## Exercise goal
Line by line, return the listing exactly, without any of the images.

## The data
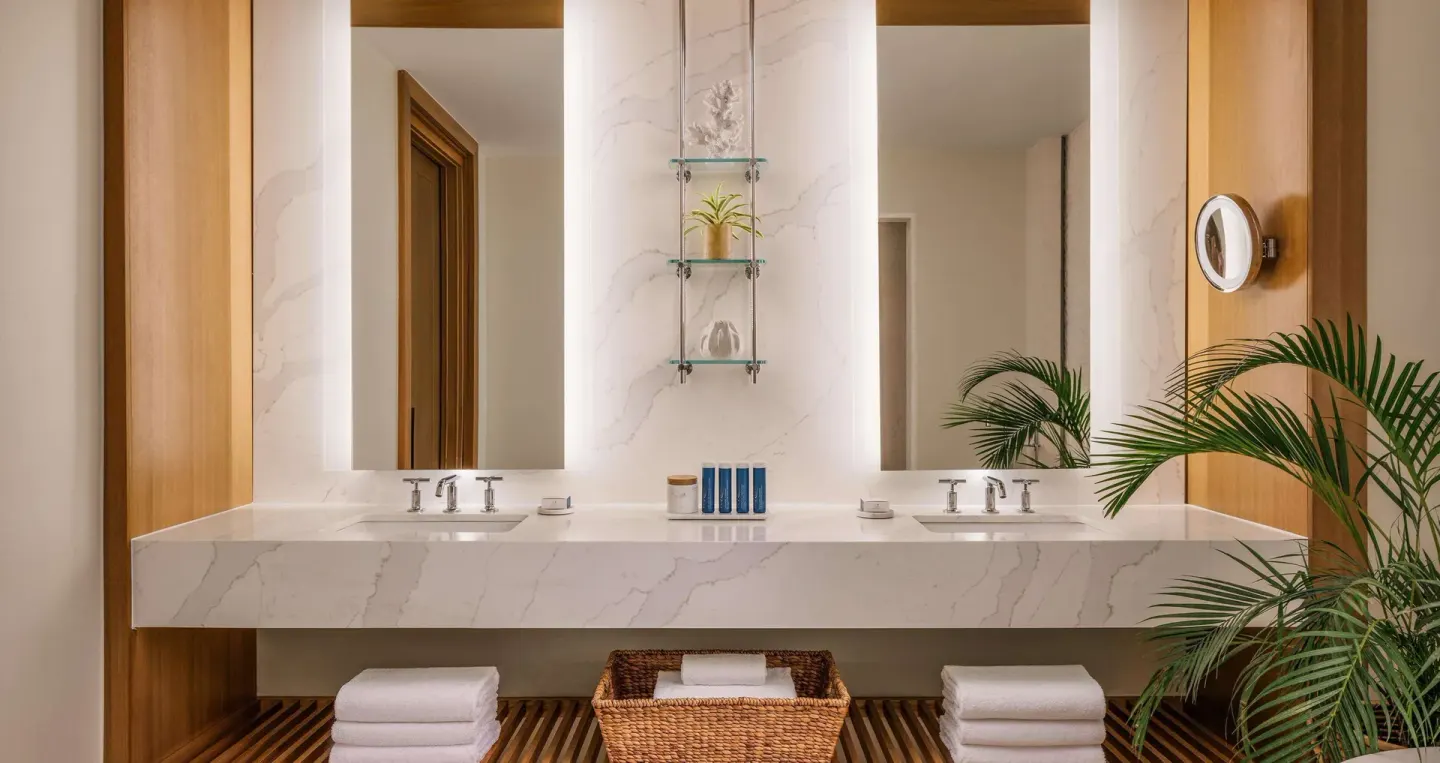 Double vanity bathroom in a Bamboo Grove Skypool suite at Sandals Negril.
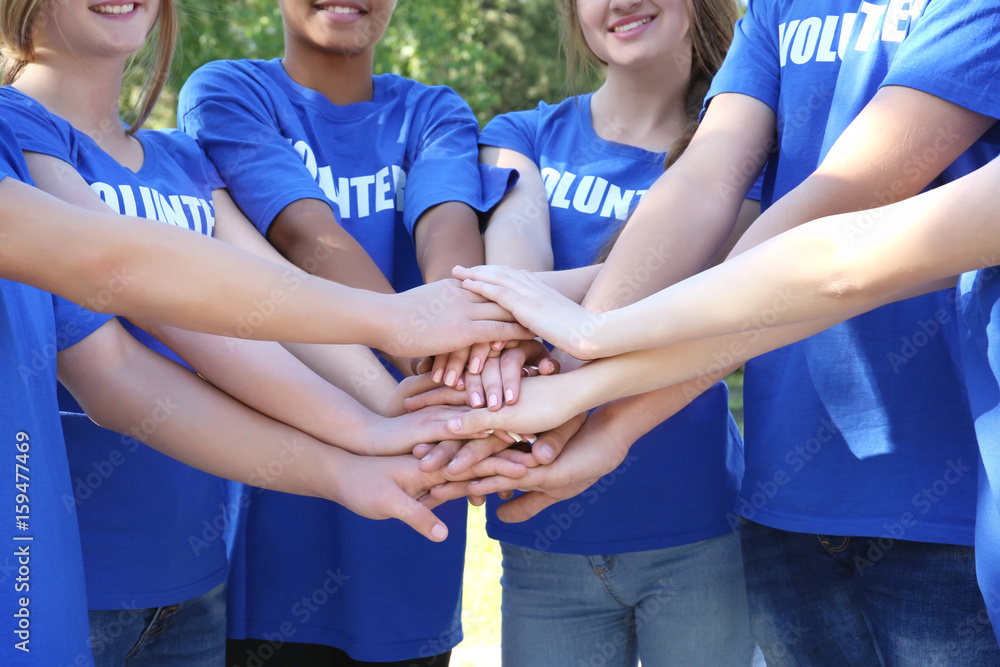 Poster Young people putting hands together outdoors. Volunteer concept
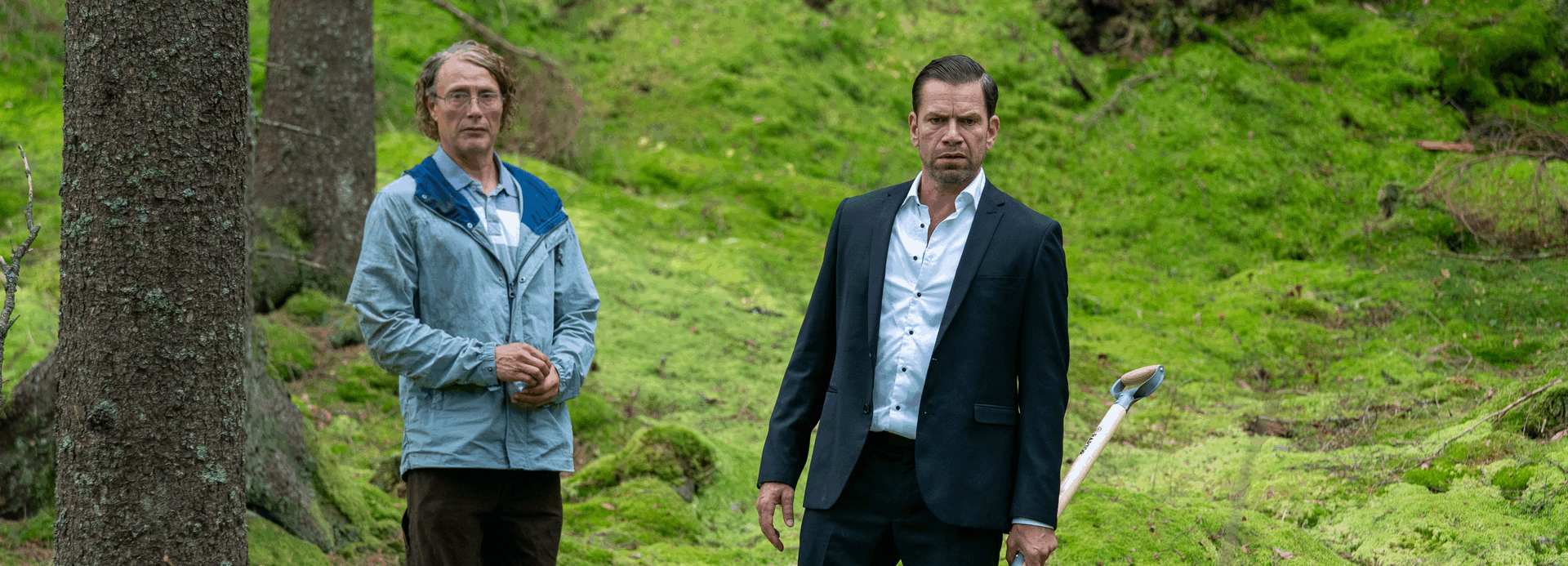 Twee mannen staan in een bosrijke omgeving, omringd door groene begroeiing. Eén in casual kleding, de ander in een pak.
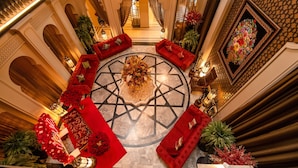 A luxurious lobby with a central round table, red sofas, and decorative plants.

## Answer to this exercise
 Double vanity bathroom in a Bamboo Grove Skypool suite at Sandals Negril.
 Poster Young people putting hands together outdoors. Volunteer concept
 Twee mannen staan in een bosrijke omgeving, omringd door groene begroeiing. Eén in casual kleding, de ander in een pak.
 A luxurious lobby with a central round table, red sofas, and decorative plants.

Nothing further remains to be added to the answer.